- **WHAT IS NEEDED**
Could you write out the line containing "世界杯竞猜必胜技巧全解析" and all the lines below it in the data, exactly, through the final one and nothing else?

= Beginning of Section =

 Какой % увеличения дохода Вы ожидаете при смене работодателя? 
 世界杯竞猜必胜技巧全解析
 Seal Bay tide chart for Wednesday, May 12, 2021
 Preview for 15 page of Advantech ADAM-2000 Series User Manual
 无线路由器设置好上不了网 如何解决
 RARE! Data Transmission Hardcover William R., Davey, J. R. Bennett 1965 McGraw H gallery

= End of Section =

- **EXERCISE RESULT**
 世界杯竞猜必胜技巧全解析
 Seal Bay tide chart for Wednesday, May 12, 2021
 Preview for 15 page of Advantech ADAM-2000 Series User Manual
 无线路由器设置好上不了网 如何解决
 RARE! Data Transmission Hardcover William R., Davey, J. R. Bennett 1965 McGraw H gallery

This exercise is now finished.